══ Exercise data

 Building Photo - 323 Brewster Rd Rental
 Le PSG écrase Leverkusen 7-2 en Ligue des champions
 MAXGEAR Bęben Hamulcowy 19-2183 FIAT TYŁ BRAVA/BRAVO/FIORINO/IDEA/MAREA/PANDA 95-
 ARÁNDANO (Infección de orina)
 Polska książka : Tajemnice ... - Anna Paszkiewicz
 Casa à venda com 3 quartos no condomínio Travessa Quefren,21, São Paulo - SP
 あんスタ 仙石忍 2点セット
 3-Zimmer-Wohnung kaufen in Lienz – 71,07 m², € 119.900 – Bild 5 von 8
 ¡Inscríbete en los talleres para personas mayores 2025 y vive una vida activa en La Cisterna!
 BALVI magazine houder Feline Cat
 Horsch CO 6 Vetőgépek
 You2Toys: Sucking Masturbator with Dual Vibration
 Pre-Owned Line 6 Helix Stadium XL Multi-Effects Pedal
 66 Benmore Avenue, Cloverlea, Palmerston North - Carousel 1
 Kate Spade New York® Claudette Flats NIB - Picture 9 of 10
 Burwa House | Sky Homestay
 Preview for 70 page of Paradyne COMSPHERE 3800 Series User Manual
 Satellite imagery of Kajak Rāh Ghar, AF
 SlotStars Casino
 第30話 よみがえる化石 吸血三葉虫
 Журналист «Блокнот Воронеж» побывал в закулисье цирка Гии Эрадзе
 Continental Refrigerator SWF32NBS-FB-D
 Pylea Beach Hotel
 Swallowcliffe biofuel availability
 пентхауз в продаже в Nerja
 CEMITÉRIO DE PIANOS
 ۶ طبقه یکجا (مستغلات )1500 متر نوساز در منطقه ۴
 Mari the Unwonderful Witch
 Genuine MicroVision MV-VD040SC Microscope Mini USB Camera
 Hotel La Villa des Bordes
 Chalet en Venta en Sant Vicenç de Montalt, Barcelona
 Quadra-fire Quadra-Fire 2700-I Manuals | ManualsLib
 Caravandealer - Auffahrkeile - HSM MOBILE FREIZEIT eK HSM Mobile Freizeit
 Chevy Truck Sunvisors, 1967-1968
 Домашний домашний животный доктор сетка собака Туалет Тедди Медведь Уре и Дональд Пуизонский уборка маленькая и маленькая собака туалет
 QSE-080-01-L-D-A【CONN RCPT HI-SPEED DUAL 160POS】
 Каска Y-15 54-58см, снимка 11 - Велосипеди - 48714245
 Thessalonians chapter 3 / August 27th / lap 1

════

• Action item
Please output an exact copy of the lines above, from the opening line of the data down to the line that contains "あんスタ 仙石忍 2点セット".

• Your solution
 Building Photo - 323 Brewster Rd Rental
 Le PSG écrase Leverkusen 7-2 en Ligue des champions
 MAXGEAR Bęben Hamulcowy 19-2183 FIAT TYŁ BRAVA/BRAVO/FIORINO/IDEA/MAREA/PANDA 95-
 ARÁNDANO (Infección de orina)
 Polska książka : Tajemnice ... - Anna Paszkiewicz
 Casa à venda com 3 quartos no condomínio Travessa Quefren,21, São Paulo - SP
 あんスタ 仙石忍 2点セット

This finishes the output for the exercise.